HackFwd GmbH
- Company type: GmbH
- Founded: Hamburg, Germany (2010)
- Headquarters: Hamburg, Germany
- Website: www.hackfwd.com

= HackFwd =

HackFwd was a German pre-seed company started in 2010 by Lars Hinrichs. HackFwd only planned to invest in developers with prototypes or demos for a fixed timeframe of 12 months. The timeframe was used to get to beta and create a viable business case. HackFwd claimed to provide a support structure doing all administrative work helping with finding advisors. Of the 30% equity stake that HackFwd takes, 3% were given back to the founders to distribute to advisors and mentors. HackFwd's headquarters were in Hamburg, and the company intended to invest across Europe.

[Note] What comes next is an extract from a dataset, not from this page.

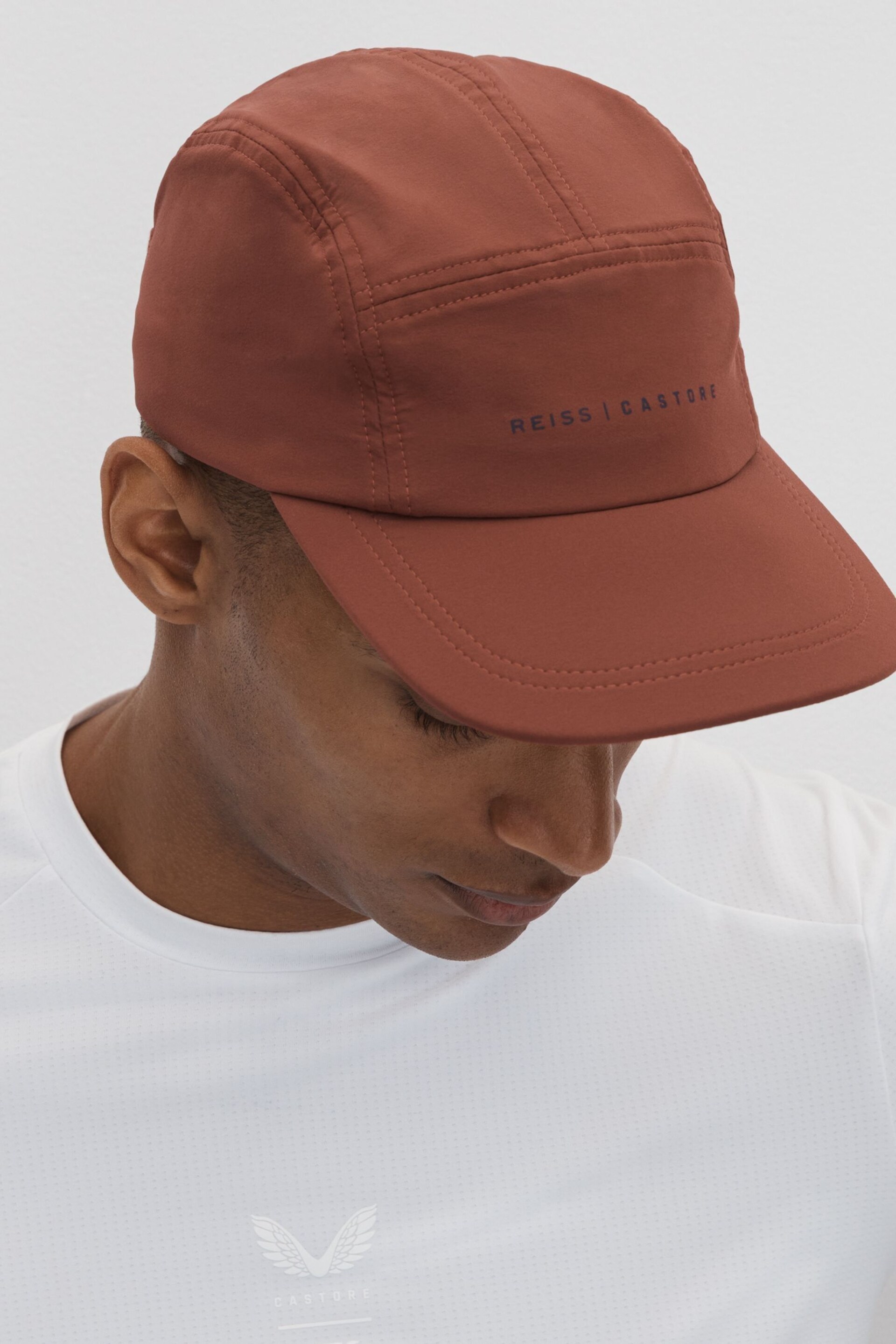 Reiss Rust Remy Castore Water Repellent Baseball Cap - Image 2 of 4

HackFwd provided funding to startups of one to three people for a year. As of early 2011 funding ranged from 91,000 EUR to 191,000 EUR depending on the size of the founding team. The investment sizes are fixed and detailed on the website. HackFwd differed from many accelerators and incubators in that the startups invested in did not move to a central location. Instead, they run quarterly events (called Build events) where all HackFwd members come together for feedback and expert mentorship sessions, which were designed to offer the most relevant support to startups in different phases of the program. Some material from the Build events were made public on the Where Passion Meets Momentum video website.

HackFwd made most of the funding process transparent and released much material in the public, including a standardized contract called “Geek Agreement”, which details the terms of finance. While a startup could not directly apply to the program, they could find a person who is part of the referrer network (staff, founders, alumni, academia) and go through them. All referrers were listed on the website. HackFwd's business model evaluation tool Phase 2 Generator was also publicly available, and could be used to submit a business idea to a referrer, or privately as a tool for constructing and evaluating a business model.

The company was shut down in December 2013 due to its limited economic success.